Questa accelerazione, in assenza del regolamento sul sistema di reclutamento, si basano prevalentemente sulla (falsa) prospettiva di fare spazio ai giovani.
Come se gli attuali docenti precari fossero ultrasettantenni, o incompetenti o da rottamare per altri motivi, mentre invece hanno tutti superato almeno un concorso o un percorso abilitante pubblico e da anni garantiscono il funzionamento delle scuole.
Ma c'è anche un altro motivo per giudicare illusoria questa ipotesi: secondo la normativa vigente (modificabile solo con un provvedimento di legge o con valore di legge) ai concorsi possono partecipare solo gli abilitati, salvo qualche deroga (per chi avesse iniziato il percorso di laurea nel 1999/00 o di diploma nel 1998/99 e lo avesse concluso entro i termini: vedi correlati).
Questo significa che ai "giovani", ai quali è stata negata la possibilità di abilitarsi con la chiusura delle SSIS e degli altri percorsi formativi, non sarà permesso partecipare. Saranno esclusi perfino coloro che, non abilitati, da anni permettono il funzionamento delle scuole.
Potranno invece partecipare i docenti attualmente nelle graduatorie e pochi altri, oltre a tutti i docenti di ruolo che rientrino in quelle deroghe.

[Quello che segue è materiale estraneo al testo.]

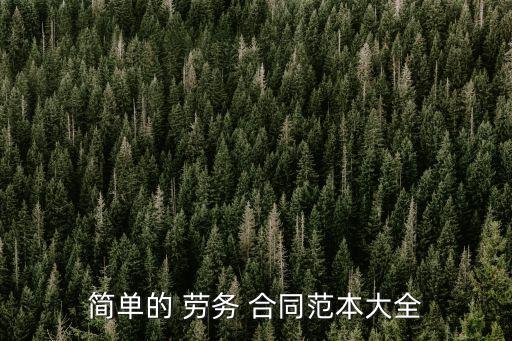 簡單的 勞務(wù) 合同范本大全
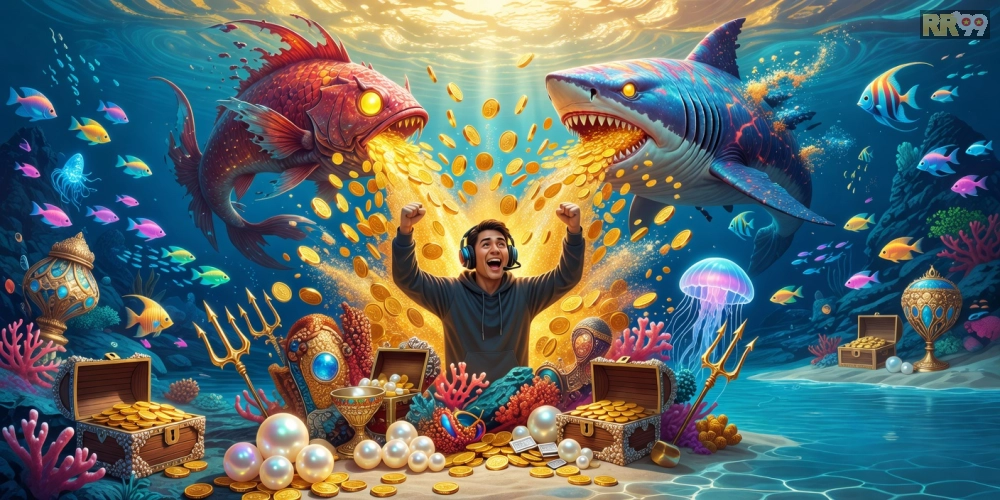 Hình ảnh ưu điểm nổi bật của game bắn cá online rr99 với phần thưởng hấp dẫn và giao diện thân thiện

Non si capisce quale sia il motivo per imporre a chi è già in una graduatoria destinata alle assunzioni di dover sostenere un altro concorso per aspirare agli stessi posti ai quali può già accedere.
Se il problema è che in qualche provincia mancano aspiranti, si accolga la nostra proposta e si affianchi alle graduatorie provinciali una graduatoria nazionale dalla quale attingere qualora nella singola provincia non vi siano più aspiranti: in questo modo si renderebbe anche più veloce lo svuotamento delle graduatorie e meno avventuroso il cambio di provincia.
Ma ci sono anche tanti altri motivi che rendono velleitaria l'ipotesi a breve di concorsi ordinari.
Ne citiamo solo tre, quelli più rilevanti, ma ce sono anche tanti altri più specifici, ma certamente non meno importanti.
Il primo è che si procederebbe senza alcuna certezza sulle reali consistenze degli organici, che potrebbero subire significative modifiche a seguito dell'adozione del regolamento delle classi di concorso e della piena adozione dei nuovi regolamenti della scuola secondaria superiore. Si attenda di avere un quadro certo e una situazione delle graduatorie più chiara dopo aver effettuato le assunzioni previste dal piano triennale e poi si bandiscano i concorsi con numeri attendibili.
Il secondo è che si utilizzerebbero le vecchie procedure concorsuali, non essendo mai stato neppure abbozzato il nuovo regolamento, con quindi concorsi impostati, come nel 1999, per valutare "semplici laureati" mentre ora la partecipazione al concorso è riservata solo a docenti già abilitati e spesso con notevole esperienza.
Il terzo è quello dei costi. In una situazione di ristrettezze e di tagli, che senso avrebbe mettere in piedi una procedura così onerosa per selezionare nuovamente gli stessi aspiranti già selezionati a suo tempo ed attualmente in attesa di assunzione a tempo indeterminato?
Ci vuole ben altro che l'annuncio di un concorso per risolvere i problemi di reclutamento.
Si proceda alle stabilizzazioni attraverso un piano pluriennale di assunzioni su tutti i posti vacanti. Si spostino in organico di diritto tutti i posti attualmente relegati in organico di fatto, ma che sono ormai stabili da anni: 35.000 di sostegno e circa 10.000 per somma di spezzoni. Si introducano quote di organico funzionale per dare risposta a tutte le reali esigenze della scuola, così fortemente ridimensionata dai tagli del Governo Berlusconi.
Solo così sarà possibile cominciare a ragionare di concorsi fermo restando che occorre garantire lo "svuotamento" delle attuali graduatorie rispettando la attuale ripartizione al 50% o perfino incrementando temporaneamente quella a favore delle graduatorie.